Putting Gardens To Bed To Early

1. Most gardeners put their gardens to bed too
early in the year. I have found that I grow more
and more crops later and later each year and am
amazed at the produce that I harvest—carrots in
December, spinach for Christmas dinner, and lettuce
until the end of January. Extending the growing
season is an easy thing to do. Gardeners think
only cool weather vegetables will grow in the fall
garden, but warm season crops do as well. The last
planting of snap beans and corn harvested in
September and October seems to be extra tender and
tasty.

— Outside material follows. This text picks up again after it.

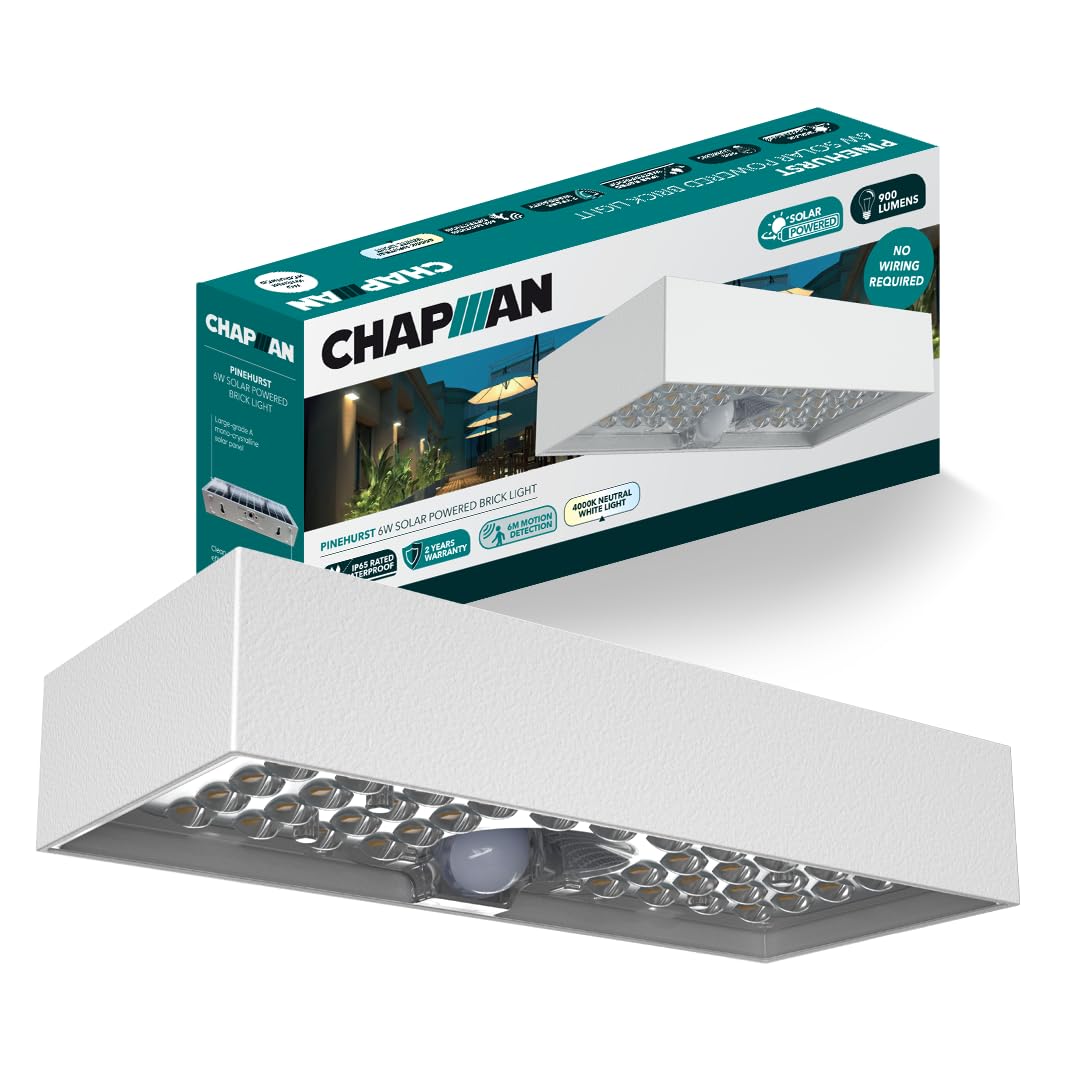 Chapman Pinehurst 6W PIR LED Solar Brick Lights Outdoor, IP65 Waterproof Wall Lights with Motion Sensor, 4000K Cool White Solar Lights for Garden, Paths, Driveways & Outdoor Security Lighting (White)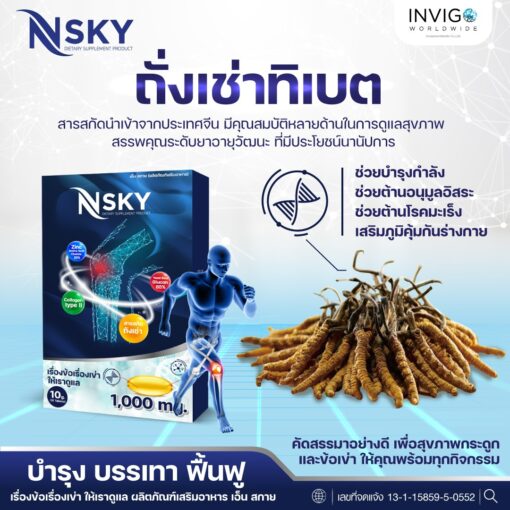 Nsky เอ็นสกาย อาหารเสริมเพื่อสุขภาพ ข้อ เข่า กระดูกข้อต่อ ปวดหลัง มือชา เก๊าท์ รูมาตอยด์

The time to start planning and planting for
these crops is in July and August.

2. The Fall and Winter Garden There are three
types of crops harvested in the fall and winter:

3. cool season crops - broccoli, Brussel sprouts,
carrots, cauliflower, lettuce, peas, radishes, and
turnips.

4. warm season crops - beans, corn, cucumbers,
peppers, squash, and tomatoes, crops for fall
and winter harvest then wintered over for the
following spring harvest green onions, kale,
leeks, parsley, spinach, and Swiss chard.

Harvest Tips

Use damaged vegetables immediately. Sometimes
tomatoes will crack after a heavy rain, or birds
will peck ripe produce. Pick and prepare right away.

Keep harvested vegetables in the shade. If you
pick a basket of tomatoes, beans, and squash,
put them beneath a nearby tree or in the shadow of
the wheelbarrow until you can take them into the kitchen.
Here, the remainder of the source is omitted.